Author : Wilbur Henry Siebert
Publisher : DigiCat
Page : 473 pages
File Size : 41,11 MB
Release : 2022-05-29
Category : Fiction
ISBN :
The Underground Railroad from Slavery to Freedom is a book by Wilbur Henry Siebert. It presents the first survey of how runaway slaves managed to escape from areas in the South to territories as far north as Canada.
Author : David B. Owens
Publisher : Arcadia Publishing
Page : 132 pages
File Size : 48,3 MB
Release : 2010
Category : History
ISBN : 9780738577319
Relive Conneaut's transformation from a sleepy agricultural village on the Lake Erie shore to a progressive, flourishing industrial center in this pictorial history.
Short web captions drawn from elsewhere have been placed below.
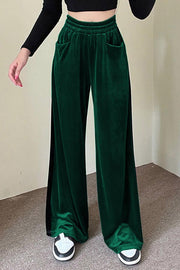 High Waist Colorblock Loose Wide Leg Trousers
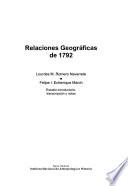 libro Relaciones Geográficas De 1792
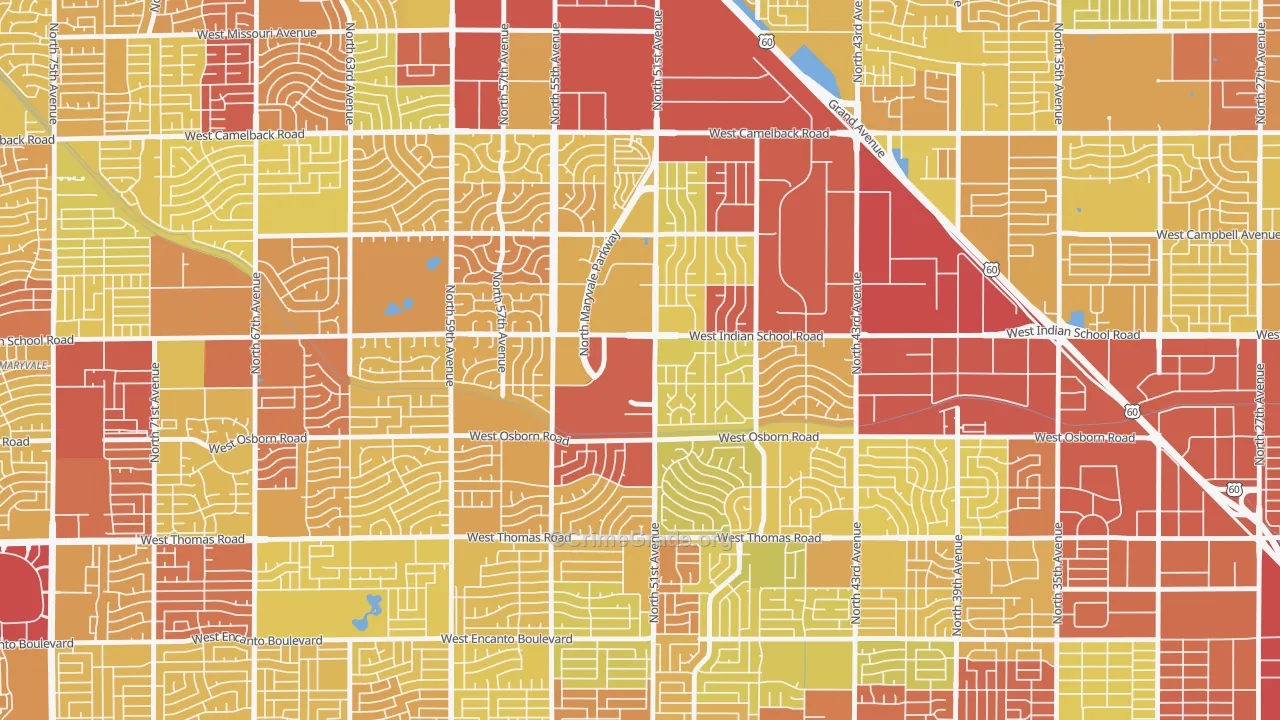 85031, AZ Map of Vehicle Theft Rates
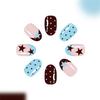 24PCS Blue Brown False Nails Star Polka Dot Press On Nails False Nails Press On Nails Women Daily Wear Wearable False Nails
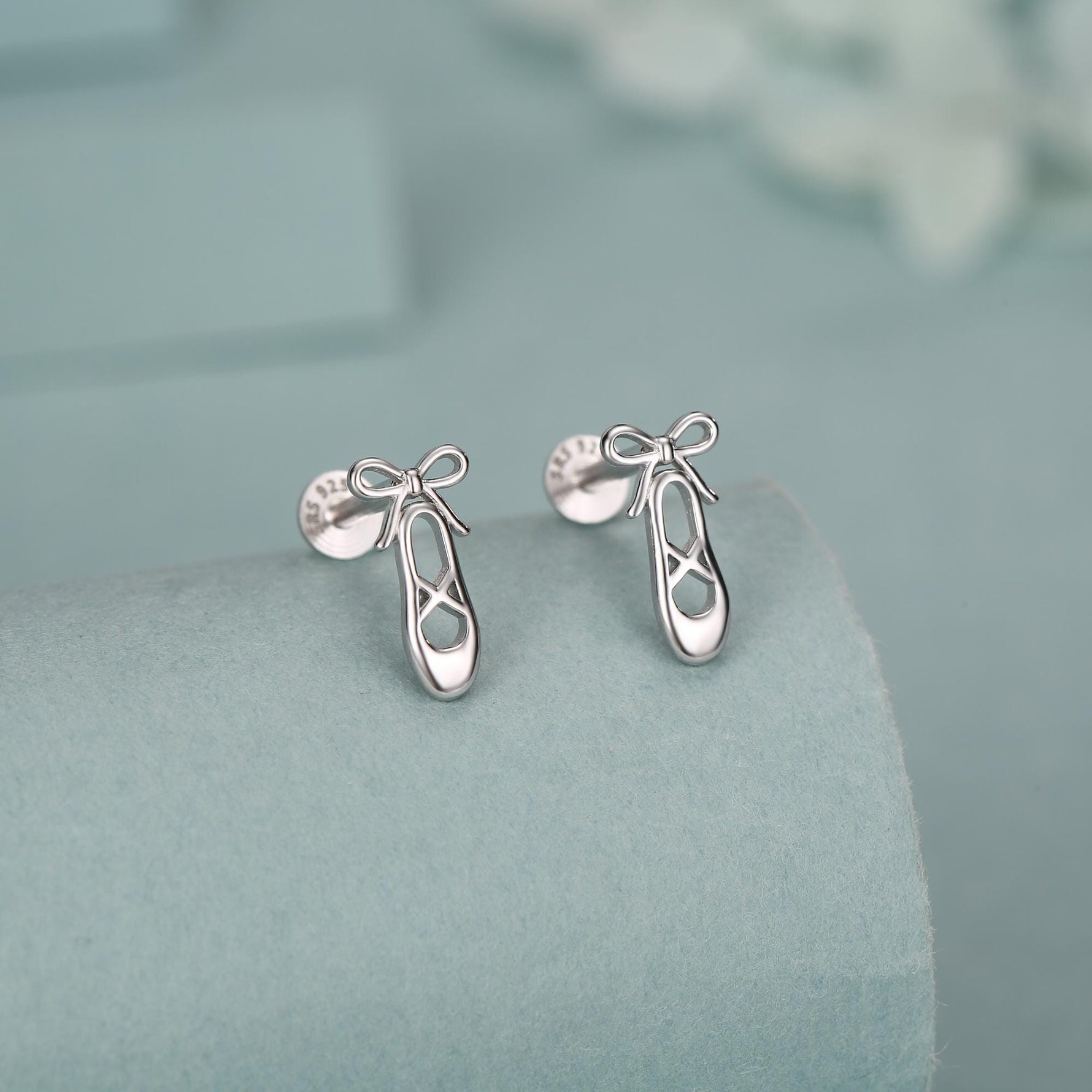 Sterling Silver Ballet Slipper 16G Flat Back Earrings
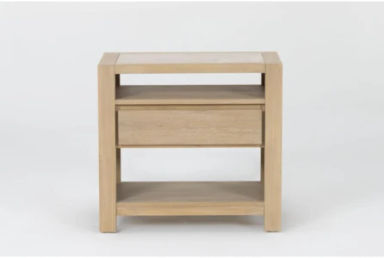 Voyage Natural Wood 1-Drawer Marble Nightstand With USB By Nate Berkus &#x2B; Jeremiah Brent | Asian Hardwood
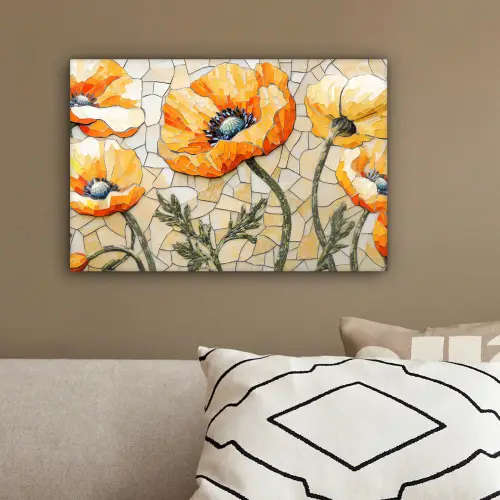 Klaprozen - Oranje - Mozaïek - Bladeren canvas 2cm klein -sfeer3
From 1880 to 1890, the population of Conneaut doubled as a new railroad was formed and its yard and shops created new opportunities for people seeking a better way of life in this growing town. The harbor, with its long-forgotten shipbuilding heritage, was revived and leaped ahead of its neighbors to become the fastest iron ore-unloading port in the world, thanks to the vision of a Scottish weaver's son. Italian, Finnish, and Hungarian immigrants arrived to work the docks and build the infrastructure needed to support the city's mushrooming population, doubling again in the next decade. During these early years, the residents enjoyed electric lighting, streetcars, and other amenities not available in larger cities throughout America. Conneaut's history unfolds here through historic images that document the building of homes, schools, churches, hospitals, and new industries.